Exercise goal:
The answer must consist solely of the line that contains "PIKIDS Banda De Mickey Mouse, La" and all subsequent lines of the data, each reproduced exactly.

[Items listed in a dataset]
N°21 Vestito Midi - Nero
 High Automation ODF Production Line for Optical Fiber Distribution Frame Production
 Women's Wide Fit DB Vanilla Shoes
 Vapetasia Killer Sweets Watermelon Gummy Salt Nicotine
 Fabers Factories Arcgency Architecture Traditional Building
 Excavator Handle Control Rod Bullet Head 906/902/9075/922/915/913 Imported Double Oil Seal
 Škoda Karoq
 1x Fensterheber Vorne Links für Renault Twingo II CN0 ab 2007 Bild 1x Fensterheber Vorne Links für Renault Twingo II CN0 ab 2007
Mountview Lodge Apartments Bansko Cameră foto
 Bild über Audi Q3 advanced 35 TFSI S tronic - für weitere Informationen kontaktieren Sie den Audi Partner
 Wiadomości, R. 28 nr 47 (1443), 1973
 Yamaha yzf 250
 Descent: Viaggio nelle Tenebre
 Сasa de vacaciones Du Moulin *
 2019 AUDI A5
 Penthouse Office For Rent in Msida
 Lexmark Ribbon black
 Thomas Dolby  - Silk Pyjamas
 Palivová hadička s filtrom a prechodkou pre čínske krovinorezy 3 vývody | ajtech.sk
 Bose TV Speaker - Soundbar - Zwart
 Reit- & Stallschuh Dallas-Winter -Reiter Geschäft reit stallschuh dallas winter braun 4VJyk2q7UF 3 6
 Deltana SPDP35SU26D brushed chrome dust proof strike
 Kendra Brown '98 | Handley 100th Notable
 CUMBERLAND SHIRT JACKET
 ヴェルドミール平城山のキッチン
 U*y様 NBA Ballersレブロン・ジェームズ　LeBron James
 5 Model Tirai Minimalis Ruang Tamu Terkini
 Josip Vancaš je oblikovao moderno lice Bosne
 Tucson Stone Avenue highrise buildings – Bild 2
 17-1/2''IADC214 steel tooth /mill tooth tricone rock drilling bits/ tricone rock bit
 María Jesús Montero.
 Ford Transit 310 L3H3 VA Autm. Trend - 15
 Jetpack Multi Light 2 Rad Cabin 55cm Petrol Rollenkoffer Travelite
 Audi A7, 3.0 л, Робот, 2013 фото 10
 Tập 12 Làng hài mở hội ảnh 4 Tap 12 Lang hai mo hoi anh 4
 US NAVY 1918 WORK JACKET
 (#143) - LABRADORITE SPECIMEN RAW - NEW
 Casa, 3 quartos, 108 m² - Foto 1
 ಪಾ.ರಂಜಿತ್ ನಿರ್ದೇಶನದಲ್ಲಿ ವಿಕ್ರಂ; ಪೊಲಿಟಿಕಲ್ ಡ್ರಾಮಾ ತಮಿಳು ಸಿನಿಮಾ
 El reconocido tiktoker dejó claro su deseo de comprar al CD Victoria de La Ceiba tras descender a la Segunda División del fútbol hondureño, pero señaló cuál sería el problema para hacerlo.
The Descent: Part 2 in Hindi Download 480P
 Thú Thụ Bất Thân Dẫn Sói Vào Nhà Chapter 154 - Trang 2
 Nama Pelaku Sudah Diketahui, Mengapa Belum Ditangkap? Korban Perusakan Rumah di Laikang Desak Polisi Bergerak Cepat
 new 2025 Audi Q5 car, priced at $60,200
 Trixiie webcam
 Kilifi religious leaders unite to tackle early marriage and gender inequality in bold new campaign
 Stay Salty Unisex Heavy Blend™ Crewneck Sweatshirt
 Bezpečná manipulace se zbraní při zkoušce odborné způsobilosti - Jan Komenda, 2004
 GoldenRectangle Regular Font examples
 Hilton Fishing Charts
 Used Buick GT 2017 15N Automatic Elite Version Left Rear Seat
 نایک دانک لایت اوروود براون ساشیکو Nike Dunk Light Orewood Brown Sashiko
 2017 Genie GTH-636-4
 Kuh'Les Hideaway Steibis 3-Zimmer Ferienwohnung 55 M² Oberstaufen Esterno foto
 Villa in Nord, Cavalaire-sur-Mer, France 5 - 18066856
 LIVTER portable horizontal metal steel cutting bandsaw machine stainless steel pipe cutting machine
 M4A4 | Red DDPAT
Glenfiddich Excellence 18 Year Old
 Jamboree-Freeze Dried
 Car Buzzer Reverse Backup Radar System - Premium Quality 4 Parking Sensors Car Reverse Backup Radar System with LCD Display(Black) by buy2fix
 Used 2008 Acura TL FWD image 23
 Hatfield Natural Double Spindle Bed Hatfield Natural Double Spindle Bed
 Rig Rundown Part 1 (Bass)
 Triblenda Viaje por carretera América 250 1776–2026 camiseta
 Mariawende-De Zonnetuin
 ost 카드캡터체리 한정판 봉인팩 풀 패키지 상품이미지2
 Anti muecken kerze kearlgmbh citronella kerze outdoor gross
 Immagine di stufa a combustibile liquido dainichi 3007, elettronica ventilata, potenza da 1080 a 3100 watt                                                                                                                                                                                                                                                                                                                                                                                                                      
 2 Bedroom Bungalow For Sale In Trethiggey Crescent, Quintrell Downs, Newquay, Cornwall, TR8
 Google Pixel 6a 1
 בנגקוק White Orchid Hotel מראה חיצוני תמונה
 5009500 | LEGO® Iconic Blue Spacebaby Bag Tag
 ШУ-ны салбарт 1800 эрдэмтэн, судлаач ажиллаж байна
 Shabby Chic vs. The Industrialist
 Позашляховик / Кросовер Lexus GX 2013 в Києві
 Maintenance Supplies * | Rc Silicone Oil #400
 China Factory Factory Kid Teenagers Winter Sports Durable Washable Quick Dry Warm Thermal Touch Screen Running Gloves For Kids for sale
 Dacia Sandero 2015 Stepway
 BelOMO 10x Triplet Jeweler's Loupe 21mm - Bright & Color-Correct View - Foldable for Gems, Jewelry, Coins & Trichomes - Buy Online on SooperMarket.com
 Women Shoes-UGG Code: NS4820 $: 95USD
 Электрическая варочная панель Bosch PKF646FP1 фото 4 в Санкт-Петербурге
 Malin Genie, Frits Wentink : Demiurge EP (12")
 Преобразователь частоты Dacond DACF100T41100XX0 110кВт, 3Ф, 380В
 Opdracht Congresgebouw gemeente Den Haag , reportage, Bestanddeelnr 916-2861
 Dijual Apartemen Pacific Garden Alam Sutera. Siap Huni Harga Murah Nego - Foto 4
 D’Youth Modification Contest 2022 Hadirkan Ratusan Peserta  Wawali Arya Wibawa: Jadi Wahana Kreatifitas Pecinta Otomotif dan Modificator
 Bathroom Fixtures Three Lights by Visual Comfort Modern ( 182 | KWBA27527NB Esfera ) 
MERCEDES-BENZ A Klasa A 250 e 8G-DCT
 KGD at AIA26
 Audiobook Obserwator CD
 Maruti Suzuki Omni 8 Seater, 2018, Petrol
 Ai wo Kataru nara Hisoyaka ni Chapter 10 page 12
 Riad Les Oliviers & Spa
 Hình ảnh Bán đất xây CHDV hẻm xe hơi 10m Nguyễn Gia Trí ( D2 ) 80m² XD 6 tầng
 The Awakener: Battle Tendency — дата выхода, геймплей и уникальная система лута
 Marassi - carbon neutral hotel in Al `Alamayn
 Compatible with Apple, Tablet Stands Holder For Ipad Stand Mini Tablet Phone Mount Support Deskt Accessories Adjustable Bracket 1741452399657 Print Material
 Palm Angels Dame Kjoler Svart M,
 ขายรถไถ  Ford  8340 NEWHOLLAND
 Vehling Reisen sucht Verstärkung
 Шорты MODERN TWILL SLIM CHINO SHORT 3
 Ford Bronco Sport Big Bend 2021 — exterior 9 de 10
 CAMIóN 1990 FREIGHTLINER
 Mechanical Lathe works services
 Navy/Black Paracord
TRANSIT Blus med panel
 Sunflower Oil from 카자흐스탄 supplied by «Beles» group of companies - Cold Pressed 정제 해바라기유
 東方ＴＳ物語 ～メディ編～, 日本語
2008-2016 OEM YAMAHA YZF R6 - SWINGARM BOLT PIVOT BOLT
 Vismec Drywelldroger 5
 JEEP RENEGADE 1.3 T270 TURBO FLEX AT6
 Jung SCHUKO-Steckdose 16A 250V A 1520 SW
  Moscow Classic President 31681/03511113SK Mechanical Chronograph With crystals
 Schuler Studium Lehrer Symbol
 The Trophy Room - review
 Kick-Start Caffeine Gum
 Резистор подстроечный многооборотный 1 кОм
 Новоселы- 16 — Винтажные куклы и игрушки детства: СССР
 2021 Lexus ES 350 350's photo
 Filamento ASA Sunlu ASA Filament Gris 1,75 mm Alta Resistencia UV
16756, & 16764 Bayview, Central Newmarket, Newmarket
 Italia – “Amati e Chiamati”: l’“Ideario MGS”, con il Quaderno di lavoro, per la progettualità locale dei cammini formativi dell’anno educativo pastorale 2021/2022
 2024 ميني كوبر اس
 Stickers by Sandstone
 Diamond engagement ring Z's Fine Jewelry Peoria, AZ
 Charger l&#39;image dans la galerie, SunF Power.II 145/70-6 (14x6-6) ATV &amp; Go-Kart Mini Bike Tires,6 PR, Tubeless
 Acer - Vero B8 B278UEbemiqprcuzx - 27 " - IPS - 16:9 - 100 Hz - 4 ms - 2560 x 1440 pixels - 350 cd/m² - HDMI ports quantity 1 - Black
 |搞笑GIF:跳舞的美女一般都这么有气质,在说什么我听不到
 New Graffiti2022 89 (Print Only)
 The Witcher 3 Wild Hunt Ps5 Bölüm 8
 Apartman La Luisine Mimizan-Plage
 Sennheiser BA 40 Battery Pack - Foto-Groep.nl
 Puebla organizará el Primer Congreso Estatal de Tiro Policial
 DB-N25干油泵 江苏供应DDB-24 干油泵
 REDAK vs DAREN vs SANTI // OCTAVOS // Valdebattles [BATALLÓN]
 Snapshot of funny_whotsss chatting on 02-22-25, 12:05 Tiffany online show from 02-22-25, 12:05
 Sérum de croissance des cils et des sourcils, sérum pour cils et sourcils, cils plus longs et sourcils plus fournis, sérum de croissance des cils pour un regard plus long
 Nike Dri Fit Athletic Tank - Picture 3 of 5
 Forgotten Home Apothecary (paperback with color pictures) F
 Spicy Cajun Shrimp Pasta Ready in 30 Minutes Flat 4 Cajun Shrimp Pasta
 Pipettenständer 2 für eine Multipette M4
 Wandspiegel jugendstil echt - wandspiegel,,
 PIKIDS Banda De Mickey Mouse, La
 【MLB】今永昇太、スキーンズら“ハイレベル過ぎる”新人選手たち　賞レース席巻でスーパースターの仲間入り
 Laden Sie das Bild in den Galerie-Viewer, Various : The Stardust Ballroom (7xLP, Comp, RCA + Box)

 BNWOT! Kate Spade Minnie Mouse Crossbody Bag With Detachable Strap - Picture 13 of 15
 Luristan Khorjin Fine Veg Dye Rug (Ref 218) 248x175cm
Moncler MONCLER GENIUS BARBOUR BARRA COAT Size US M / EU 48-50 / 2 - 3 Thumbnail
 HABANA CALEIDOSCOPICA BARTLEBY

Solution to the exercise:
 PIKIDS Banda De Mickey Mouse, La
 【MLB】今永昇太、スキーンズら“ハイレベル過ぎる”新人選手たち　賞レース席巻でスーパースターの仲間入り
 Laden Sie das Bild in den Galerie-Viewer, Various : The Stardust Ballroom (7xLP, Comp, RCA + Box)

 BNWOT! Kate Spade Minnie Mouse Crossbody Bag With Detachable Strap - Picture 13 of 15
 Luristan Khorjin Fine Veg Dye Rug (Ref 218) 248x175cm
Moncler MONCLER GENIUS BARBOUR BARRA COAT Size US M / EU 48-50 / 2 - 3 Thumbnail
 HABANA CALEIDOSCOPICA BARTLEBY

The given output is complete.